Dunque, le normative a cui sono soggette le sostanze chimiche possono essere decine e completamente differenti. Serve quindi in ogni azienda un “luogo” o un sistema che permetta di avere queste informazioni in maniera univoca, corretta ed aggiornata il più possibile continuamente, da cui chiunque possa “pescare” all’occorrenza. Il DCCOM (Digital Chemical Compliance) può essere un’alternativa interessante.

Stiamo scrivendo tutto questo perchè vogliamo confermare che è obbligatorio per ogni sostanza avere la medesima classificazione sia nel documento del rischio chimico, che nell’AUA presentata o nella classificazione per l’ADR o nell’assoggettabilità alla Seveso.

Sembra logico dirlo, ma se lavorate nel settore saprete quanto possa essere complesso attuarlo (v. Tommaso pensiero).

 

CONCLUSIONI

Per una buona valutazione del rischio chimico e per districarsi nel labirinto normativo a cui sono oggi soggette le aziende, il datore deve essere consapevole delle criticità illustrate, riconoscendo l’importanza di avere informazioni corrette e specifiche su tutti i composti chimici presenti in azienda.

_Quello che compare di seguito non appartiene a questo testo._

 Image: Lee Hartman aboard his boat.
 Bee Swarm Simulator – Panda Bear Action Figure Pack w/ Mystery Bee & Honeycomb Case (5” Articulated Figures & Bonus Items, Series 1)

Sia le normative di prodotto che quelle sociali sono fortemente influenzate dalle caratteristiche di pericolosità di sostanze/miscele/articoli utilizzati e quindi, qualora presente la SDS, questa può essere uno strumento dal ruolo importantissimo e centrale. Tuttavia La SDS non è sempre presente o non sempre viene compilata correttamente, per tale ragione il datore di lavoro/gestore/legale rappresentante ha l’onere di dover verificare le informazioni in essa contenute per adempiere correttamente agli obblighi che gli sono imposti dalla legge. Per poter sopperire alla carenza di informazioni dovrà quindi attivarsi innanzitutto con i propri fornitori, richiedendo quanti più dettagli possibili ed avvalersi di un adeguato supporto interno od esterno. Una volta raccolte le informazioni dovrà tenerle aggiornate e verificare che siano gestite in maniera univoca in tutte le normative a cui deve far riferimento.